Literatur. Heute vor vierzig Jahren starb Erich Kästner – sein Zorn muß uns bleiben

Von Otto Köhler

Gebrauchslyrik nannte der große Melancholiker Erich Kästner seine Gedichte. Für mich waren sie Anleitung zum Kampf. Ende August 1955 studierte ich im vierten Semester an der Universität Würzburg – da gab es viel Widerstand zu lernen. Zehn Jahre zuvor hatte ich noch mit meinen Kunststoffsoldaten (zu jedem Christfest schenkte Elternliebe davon ein Paket) gespielt und die Heftchen der »Kriegsbibliothek der Deutschen Jugend« gelesen. Jetzt war ich Vorsitzender des Sozialistischen Deutschen Studentenbundes an der von schlagenden und farbentragenden Jungakademikern beherrschten Universität und hängte in den SDS-Schaukasten vor der Mensa Kästners Gedicht »Die andre Möglichkeit«. Es hebt an mit dem Konditionalis »Wenn wir den Krieg gewonnen hätten« und endet mit der – zutreffenden? – Versicherung: »Zum Glück gewannen wir ihn nicht«.
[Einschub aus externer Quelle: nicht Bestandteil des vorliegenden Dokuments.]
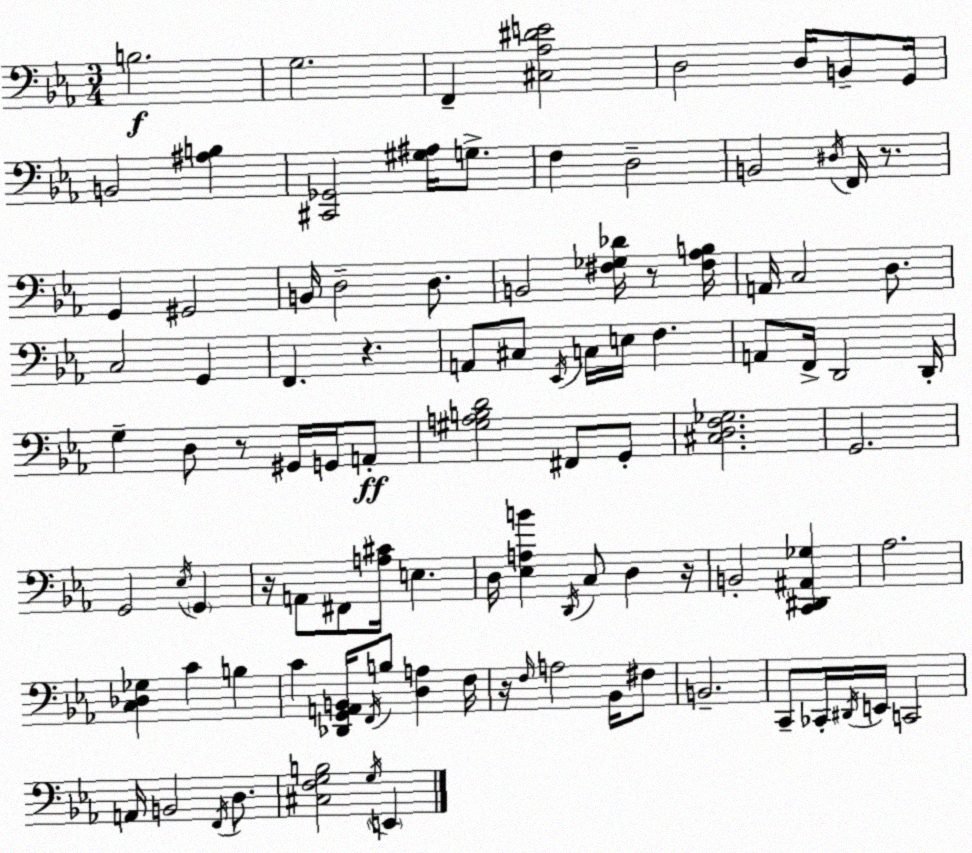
X:1
T:Untitled
M:3/4
L:1/4
K:Eb
B,2 G,2 F,, [^C,_A,^DE]2 D,2 D,/4 B,,/2 G,,/4 B,,2 [^A,B,] [^C,,_G,,]2 [^G,^A,]/4 G,/2 F, D,2 B,,2 ^D,/4 F,,/4 z/2 G,, ^G,,2 B,,/4 D,2 D,/2 B,,2 [^F,_G,_D]/4 z/2 [^F,_A,B,]/4 A,,/4 C,2 D,/2 C,2 G,, F,, z A,,/2 ^C,/2 _E,,/4 C,/4 E,/4 F, A,,/2 F,,/4 D,,2 D,,/4 G, D,/2 z/2 ^G,,/4 G,,/4 A,,/2 [^G,A,B,D]2 ^F,,/2 G,,/2 [^C,D,F,_G,]2 G,,2 G,,2 _E,/4 G,, z/4 A,,/2 ^F,,/2 [A,^C]/4 E, D,/4 [_E,A,B] D,,/4 C,/2 D, z/4 B,,2 [C,,^D,,^A,,_G,] _A,2 [C,_D,_G,] C B, C [_D,,G,,A,,B,,]/4 F,,/4 B,/2 [D,A,] F,/4 z/4 F,/4 A,2 _B,,/4 ^F,/2 B,,2 C,,/2 _C,,/4 ^D,,/4 E,,/4 C,,2 A,,/4 B,,2 F,,/4 D,/2 [^C,F,G,B,]2 G,/4 E,, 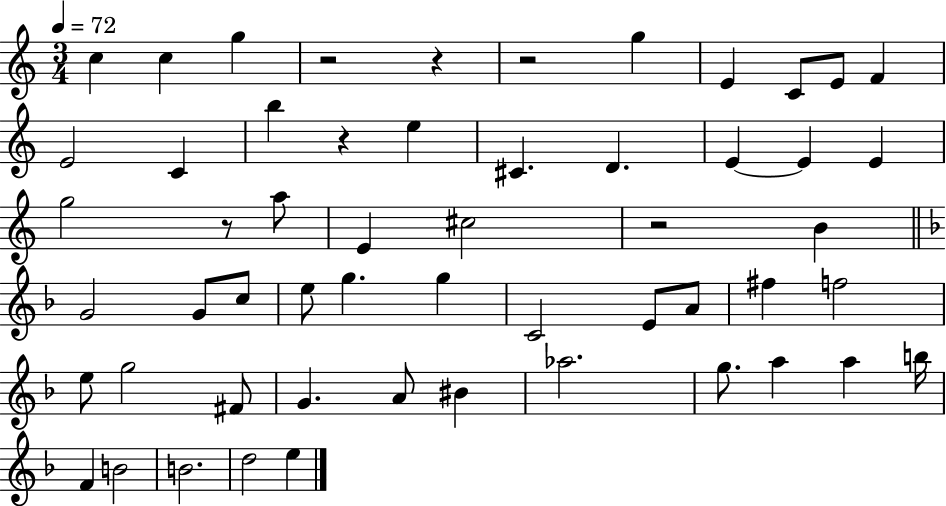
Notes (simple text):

C5/q C5/q G5/q R/h R/q R/h G5/q E4/q C4/e E4/e F4/q E4/h C4/q B5/q R/q E5/q C#4/q. D4/q. E4/q E4/q E4/q G5/h R/e A5/e E4/q C#5/h R/h B4/q G4/h G4/e C5/e E5/e G5/q. G5/q C4/h E4/e A4/e F#5/q F5/h E5/e G5/h F#4/e G4/q. A4/e BIS4/q Ab5/h. G5/e. A5/q A5/q B5/s F4/q B4/h B4/h. D5/h E5/q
26 Jahre zuvor, am 9. Juli 1929, war dieses Gedicht erstmals in Carl von Ossietzkys Weltbühne erschienen. 1930 nahm Kästner es in seine Gedichtsammlung »Ein Mann gibt Auskunft« auf. Im selben Jahr nannte Kurt Tucholsky (als Peter Panter) in der Weltbühne das Poem eine »prachtvolle politische Satire«, die ihm »die deutschen Nationalisten heute noch nicht verziehen haben«. Und ein halbes Jahrhundert später meinte Alfred Andersch »Die andre Möglichkeit« habe dem Militarismus mehr Schaden zugefügt als alle humanistisch-professoralen Essays zusammen.

Da hab ich »Ja!« gesagt

Kästner wurde mit 17 Jahren Soldat und hat sich als solcher so vorbildlich verhalten, wie man es nur jedem wünschen kann, der so etwas machen muß. Über seinen Ausbilder Sergeant Waurich hat er ein gleichnamiges Gedicht geschrieben, das heute noch eine vorzügliche Gebrauchsanweisung über den Umgang mit Vorgesetzten bei der Bundeswehr ist:

Er hat mich zum Spaß durch den Sand gehetzt

Und hinterher lauernd gefragt:

»Wenn du nun meinen Revolver hättst –

Brächst du mich um, gleich hier und gleich jetzt?«

Da hab ich »Ja!« gesagt.

Doch der Sergeant hat ihm höchstwahrschein-lich sein Leben gerettet. Kästner:

Wer ihn gekannt hat vergißt ihn nie.

Den legt man sich auf Eis!

Er war ein Tier. Und spie und schrie.

Und Sergeant Waurich hieß das Vieh,

damit es jeder weiß.

Der Mann hat mir das Herz versaut.

Das wird ihm nie verziehn.

Es sticht und schmerzt und hämmert laut.

Und wenn mir nachts vorm Schlafen graut,

dann denke ich an ihn.


Kästner wurde somit – was ihm schon sein Verstand vorgeschlagen hatte – auf Dauer kriegsverwendungsunfähig, Besseres kann man einem deutschen Menschen nicht wünschen.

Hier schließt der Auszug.